La razón, esa espantosa amiga que nos enfrenta a nosotros mismos y nos golpea con fundamentos entendibles, estaba ahora en el funeral acompañándome, y permitiéndome vislumbrar las diferentes formas de las expresiones de los sentimientos humanos. No todos estaban llorando (no se debe entender esto como si el llanto necesariamente es una expresión de dolor). había gente que ni siquiera conocía a la muerta. Había gente que ni siquiera yo conocía. Se había abierto el gran circo, todos pasaban a ver el cuerpo inerme de una de las personas más importantes de mi vida, como si fuera una pieza de museo. Era necesario gritar que nadie a excepción de la familia y los amigos cercanos a ella debían estar ahí. Es un ritual, es la última despedida de la representación material de mi abuela. Las formas sociales que deja la costumbre a veces huelen feo, a cumplimiento de un deber, a la hipocresía de la mascara que se tiene que presentar ante el medio social, a la decadencia de la humanidad que se niega así misma para convertirse en un monstruo alineado. A veces no somos nosotros, somos otros que actúan como si fuéramos nosotros. Es bastante entendible, el presentar el yo ante la sociedad, sin saber lo qué es, es volverse un ser vulnerable al que todos pueden atacar de una u otra forma. Cómo dije al principio no soy yo un gran ilustrado, ni tampoco un iluminado del señor, tal sólo trato de ver cómo enfrentarme a mi mismo, a mi razón, a mis sentimientos y a mis mascaras. Las posibilidades de las expresiones de nuestros sentimientos tienen un sin fin de caminos por donde brotar. El problema no está tanto en las costumbres impuestas por la historia, el problema está en poder dar cuenta de lo que se siente, a uno mismo, entendiendo el fundamento de su sentir y lo que significa en su medio social.

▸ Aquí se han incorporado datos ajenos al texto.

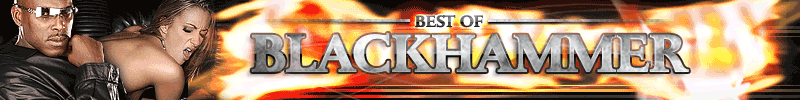 Lexington Steele Blackhammer,Pornostar,Sexstar,Alles direkt,auch privat,Exclusives Sexmaterial Angebote nur hier,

Lo único que dejan los juicios de lo bueno y lo malo, de lo que se debe hacer y lo que no, es dar muestra de la imposibilidad de comunicación entre un humano y otro, y dentro del individuo mismo. Cada individuo ante sí mismo, si puede dar cuenta de sus acciones y entender el por qué de los sentires que los llevan a ellos no es ni bueno ni malo, sino que simplemente es. La responsabilidad y el coraje de ponerlos de manifiesto ante sus semejantes es algo que se despierta cuando se tiene claro qué es lo que se está sintiendo.